More and more people have left the extreme poverty of the past behind. But why should we care? Is it not the case that poor people might only have less income but enjoy their lives just as much – or even more – than rich people?
One way to find out is to simply ask, which is what the Gallup Organization did. In the World Poll the organization asked people around the world what they think about their standard of living – not only about their income. The economist Angus Deaton1 compared the answers that people in different societies gave with the average income of these societies. This research is summarized in the following graph; it shows that people living in poverty are clearly less satisfied with their living standards in a broader sense.
This is one way of seeing that economic prosperity is not an end in itself but a means for a better life.

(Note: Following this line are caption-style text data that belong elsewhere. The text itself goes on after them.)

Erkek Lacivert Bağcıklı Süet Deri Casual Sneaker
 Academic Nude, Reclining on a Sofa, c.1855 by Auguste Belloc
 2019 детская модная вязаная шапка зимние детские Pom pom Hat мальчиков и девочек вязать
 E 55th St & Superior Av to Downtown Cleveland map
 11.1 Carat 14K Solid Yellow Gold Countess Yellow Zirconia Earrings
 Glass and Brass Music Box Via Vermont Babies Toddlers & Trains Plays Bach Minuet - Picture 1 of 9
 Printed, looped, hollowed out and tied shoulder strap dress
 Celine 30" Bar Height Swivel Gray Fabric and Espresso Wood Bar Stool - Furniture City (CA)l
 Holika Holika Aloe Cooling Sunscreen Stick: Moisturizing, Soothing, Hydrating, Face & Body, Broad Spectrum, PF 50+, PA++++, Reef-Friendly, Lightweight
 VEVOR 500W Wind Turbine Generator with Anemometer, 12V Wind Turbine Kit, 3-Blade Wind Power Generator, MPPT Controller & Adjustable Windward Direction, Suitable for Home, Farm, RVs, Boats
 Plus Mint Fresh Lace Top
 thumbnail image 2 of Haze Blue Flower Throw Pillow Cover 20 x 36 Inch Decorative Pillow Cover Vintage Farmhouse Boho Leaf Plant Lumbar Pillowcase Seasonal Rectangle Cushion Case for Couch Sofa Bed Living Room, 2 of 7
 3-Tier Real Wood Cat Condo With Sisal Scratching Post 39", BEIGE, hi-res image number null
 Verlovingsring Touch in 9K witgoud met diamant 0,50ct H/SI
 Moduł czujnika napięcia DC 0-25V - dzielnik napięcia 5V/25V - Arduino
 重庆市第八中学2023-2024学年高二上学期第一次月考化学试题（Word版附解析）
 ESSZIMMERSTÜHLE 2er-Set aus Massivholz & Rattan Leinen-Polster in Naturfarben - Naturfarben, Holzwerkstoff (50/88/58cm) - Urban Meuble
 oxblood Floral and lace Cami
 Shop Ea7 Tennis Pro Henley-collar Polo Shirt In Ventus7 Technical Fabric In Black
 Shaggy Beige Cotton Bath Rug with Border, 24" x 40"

The correlation between rising incomes and happiness and higher life satisfaction is shown in the entry on happiness.
Fractions of people reporting that they are dissatisfied with their standard of living – Deaton2
# Poverty lines
The most straightforward way to measure poverty is to calculate the share of population living below a certain poverty line as the fraction of the total number of people in the society. But drawing the line between the poor and the rest is not easy. If you look at the previous graph, it is easy to understand why. It would be easy if there was a clear delineation between people who were satisfied with their standard of living and people who aren’t. This is not the case. We see, on the contrary, that having more income always improves the self-perceived living standard of the people.
The fact that higher income always improves the standards of living means that defining poverty by drawing a line is always rightly subject to debate. It is necessarily controversial to propose a line that separates those that are poor from those that ‘merely’ have a low income.
The World Bank, which gathers data on income from people around the world, defined absolute poverty as living on less than $1.90 per day. This is measured in international dollars (in prices of 2011) that are adjusted for the fact that people in different countries face different price levels (PPP adjustment). It is also expressed in real terms to adjust for price changes over time. (How these adjustments are made is explained in the entry on GDP data.)
# Share of the population below the international poverty line
The latest data on extreme poverty can be explored in the data visualization below. The map shows the distribution of global poverty and with the slider below the map you can explore the change over time.
You can also switch to the ‘chart’-tab to see the change over time for individual countries or world regions.
$1.90 per day is a very low cut off – the term extreme poverty is appropriate. It is therefore interesting to see the share living below a higher poverty line such as 3.10 international $ per day as in the following chart.
# 200 years of lifting the world out of poverty
The World Bank publishes data on absolute poverty from 1981 onwards, but researchers have tried to reconstruct information of the living standards of the more distant past. The seminal paper was written by Bourguignon and Morrison in 2002 (for the reference see the following footnote) in which the two authors reconstructed measures of poverty as far back as 1820. The poverty line of 1.90 Int. Dollar per day was introduced in 2015 and the 2002 paper used the measure of 1$ per day that was used at the time. All of this information is presented in the following graph.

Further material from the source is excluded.